Goal of the exercise: Would you copy out the following entries exactly, without any of the pictures?

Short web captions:
»»

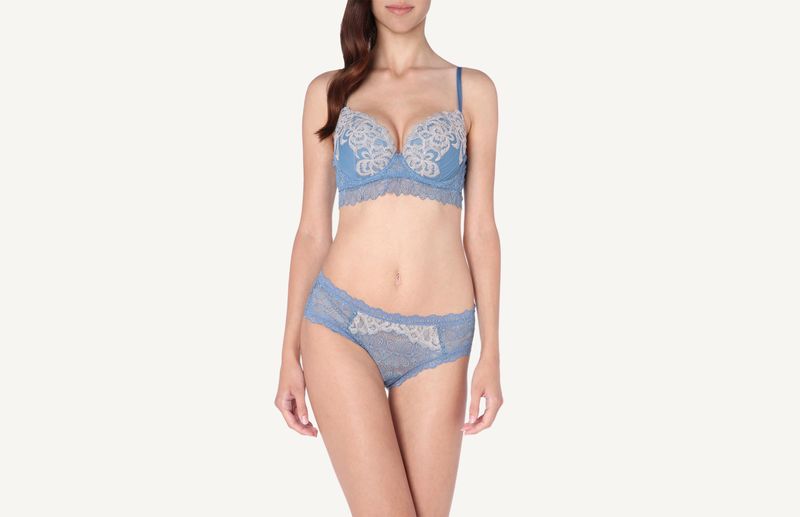 RI1292I_9886_3-SOUTIEN-BALCONETTE-IRINA-WESTERN-FLOWERS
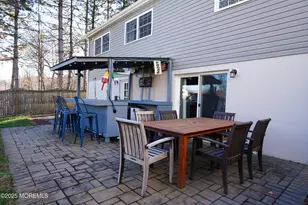 380 Navesink Ave, Highlands, NJ 07732 - Photo 30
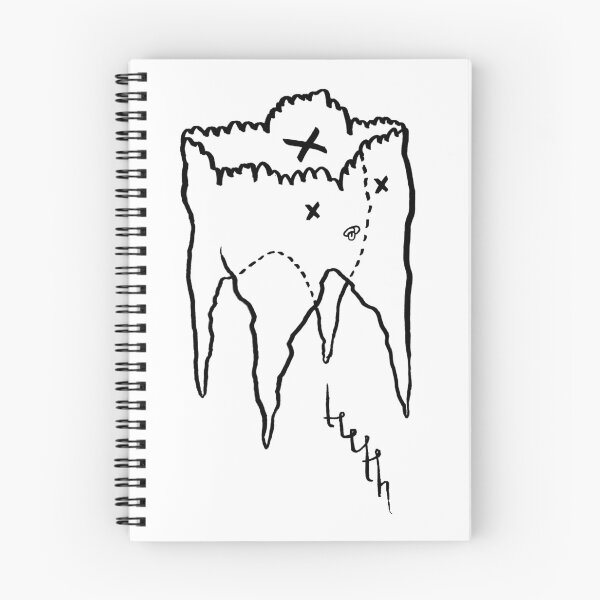 Item preview, Teeth designed and sold by taliaAF.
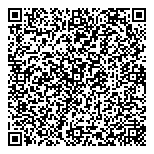 QR код "Авто-Профи"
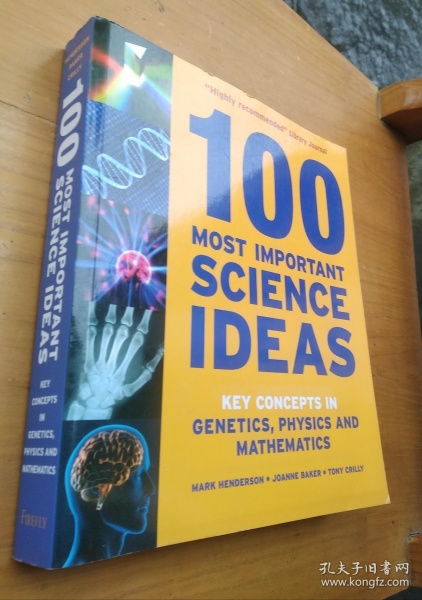 大话仙游激活码与她face官方下载，科学研究解析说明7DM_v1.302不香了？这五款替代软件更好用！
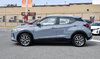 2024 Nissan Kicks SV NISSAN CERTIFIED PRE OWNED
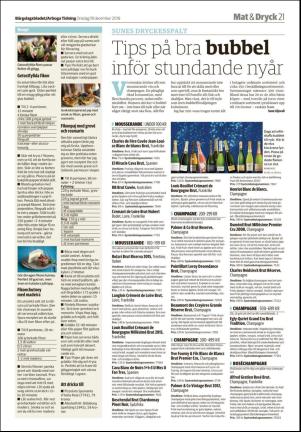 bargslagsbladet-20191218_000_00_00_021.pdf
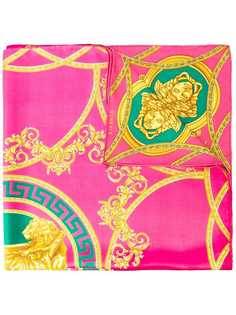 Аксессуары Versace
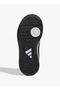 Kids Hook & Loop Sports Shoes - 4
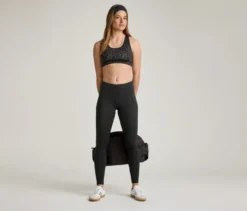 Sportleggings »ActiveSoft«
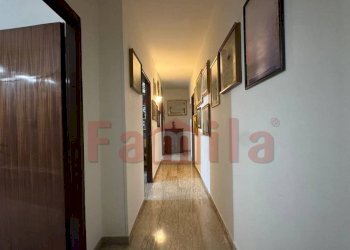 Foto 3 - Trilocale Mugnano del Cardinale - foto 3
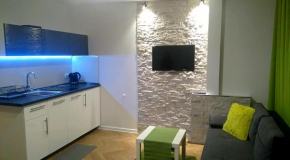  Apartament GDYNIAK  Гдыня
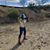 Kristen Troxler's profile image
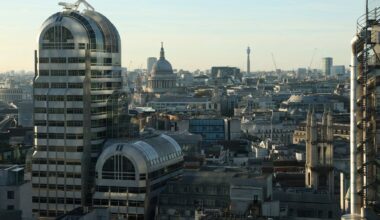 Moody's affirms UK's Aa3 rating ahead of budget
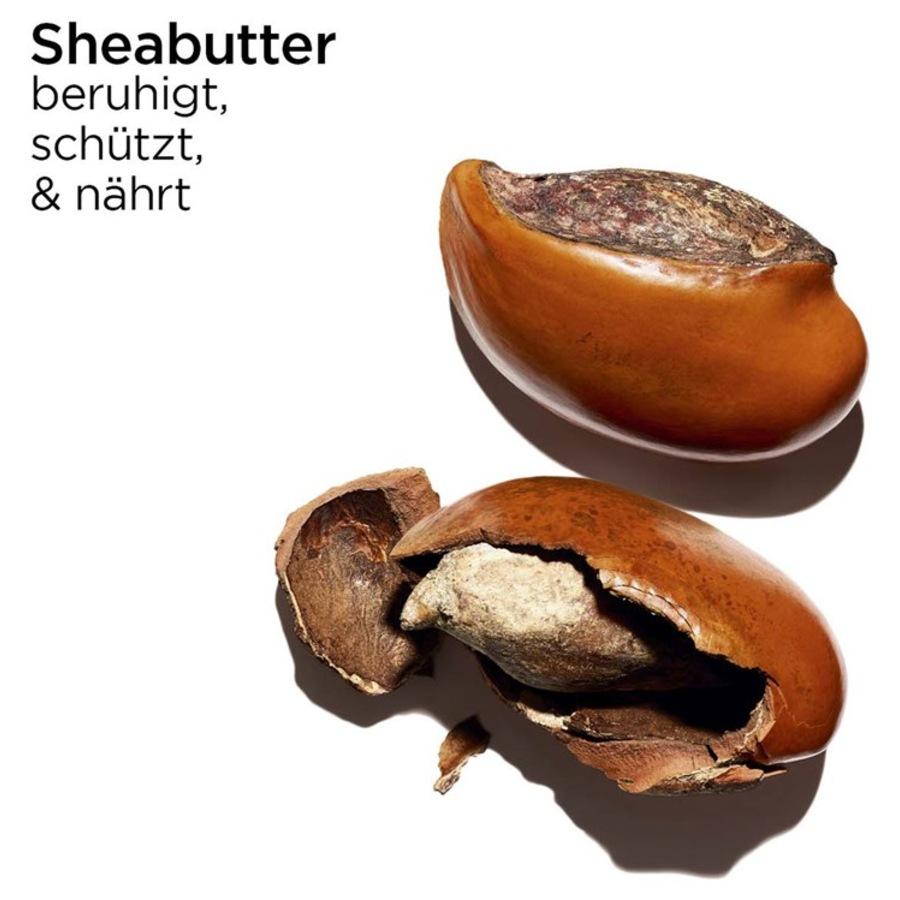 CLARINS Crème Jeunesse Des Mains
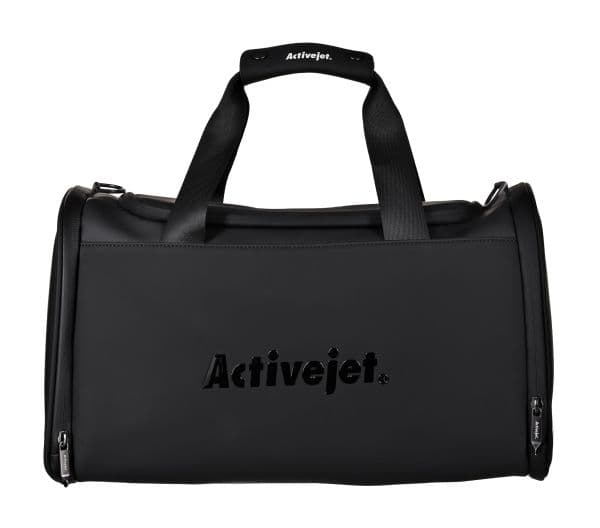 Activejet Activejet Lymfekompresjons-benmassasjeapparat S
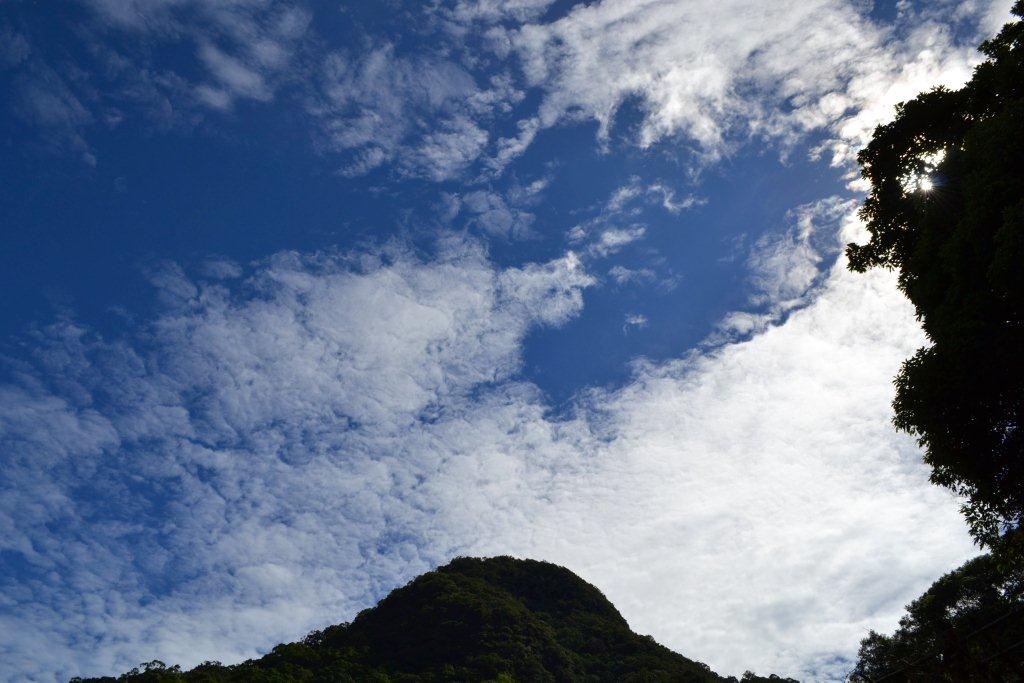 «ö¦¹¦b·sµøµ¡ÂsÄý¹Ï¤ù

««

Task output:
 RI1292I_9886_3-SOUTIEN-BALCONETTE-IRINA-WESTERN-FLOWERS
 380 Navesink Ave, Highlands, NJ 07732 - Photo 30
 Item preview, Teeth designed and sold by taliaAF.
 QR код "Авто-Профи"
 大话仙游激活码与她face官方下载，科学研究解析说明7DM_v1.302不香了？这五款替代软件更好用！
 2024 Nissan Kicks SV NISSAN CERTIFIED PRE OWNED
 bargslagsbladet-20191218_000_00_00_021.pdf
 Аксессуары Versace
 Kids Hook & Loop Sports Shoes - 4
 Sportleggings »ActiveSoft«
 Foto 3 - Trilocale Mugnano del Cardinale - foto 3
  Apartament GDYNIAK  Гдыня
 Kristen Troxler's profile image
 Moody's affirms UK's Aa3 rating ahead of budget
 CLARINS Crème Jeunesse Des Mains
 Activejet Activejet Lymfekompresjons-benmassasjeapparat S
 «ö¦¹¦b·sµøµ¡ÂsÄý¹Ï¤ù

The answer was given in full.